Unfortunately, unsustainable fishing practices, a lack of economic alternatives and a changing climate are endangering the health of the ecosystem, and so too, the livelihoods of those who depend on it.
The Opportunity
Overfishing in the Bas Ogooué has emerged as a leading problem at the community level. To help, TNC and partners are establishing community-led fisheries management cooperatives and sustainable income diversification options, like agriculture and beekeeping.
In July 2018, Gabon’s national government approved the first community-driven management plan for inland fisheries on Lake Oguemoué. Initiated by Oguemoué fishers and OELO, and supported by TNC, the plan has since become the model for inland fisheries management across the country.

Did you know?
In Gabon, most villages are located near water because water is central to life and the road network is limited. As part of local cultural practices, it is customary to wash your face when arriving at the water to be connected to the good spirits that guard the lake.
The Local Community in Action
Local communities are active in implementing fisheries management plans and serve as a model for replication in communities throughout the country.
TNC’s support helps implement OELO’s “Our Lake, Our Future” initiative to manage lake fisheries sustainably. TNC first partnered with OELO in 2014, but the initiative, community organizing, data collection and government partnerships launched in the years before.

“I believe that nature is the future,” says Rengouwa Maeva, local resident and OELO’s sustainable fishing program coordinator, “because to become self-sufficient, we have to turn to nature.”

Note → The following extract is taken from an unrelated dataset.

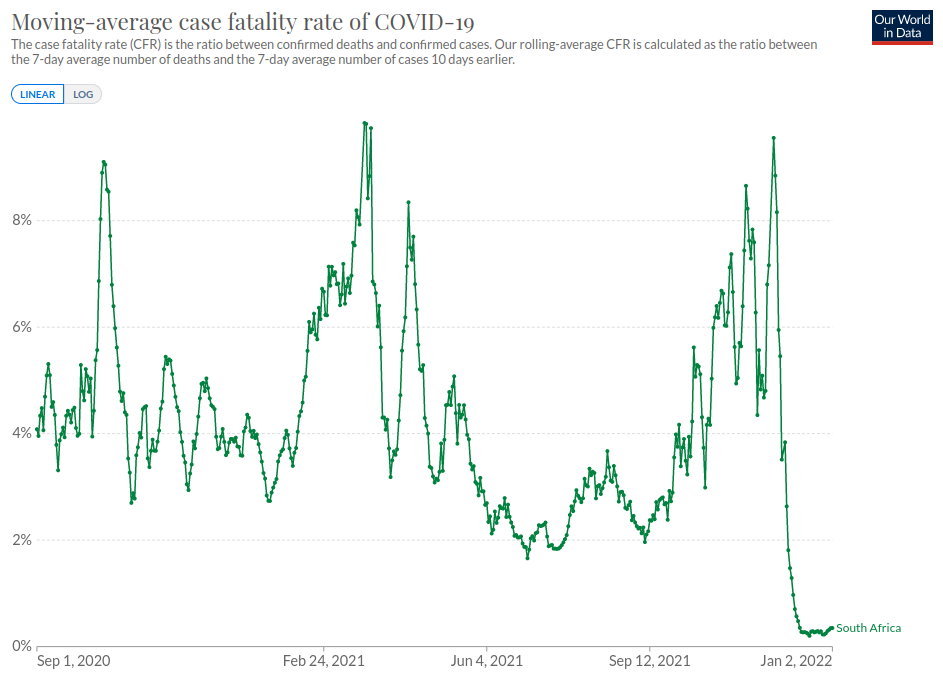 South Africa's Case Fatality Rate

“In Gabon, life is built around water,” explains Jean Churley Manfoumbi (in yellow shirt), manager of TNC’s Community-Led Conservation of Freshwater and Fisheries program in Gabon. “The river provides people with water to quench their thirst and food to eat through fishing.”
Looking Forward
At TNC, our 2030 goals guide our efforts and unite programs across the organization. In the Bas Ogooué region of Gabon, by 2030, we will conserve more than 125,000 hectares of lakes and wetlands and nearly 9,000 kilometers of river systems. We will improve the security rights, decision-making over lands, waters, or resources, and/or the sustainable, place-based economic opportunity for more than 400 people who are sustained by the Bas Ogooué region.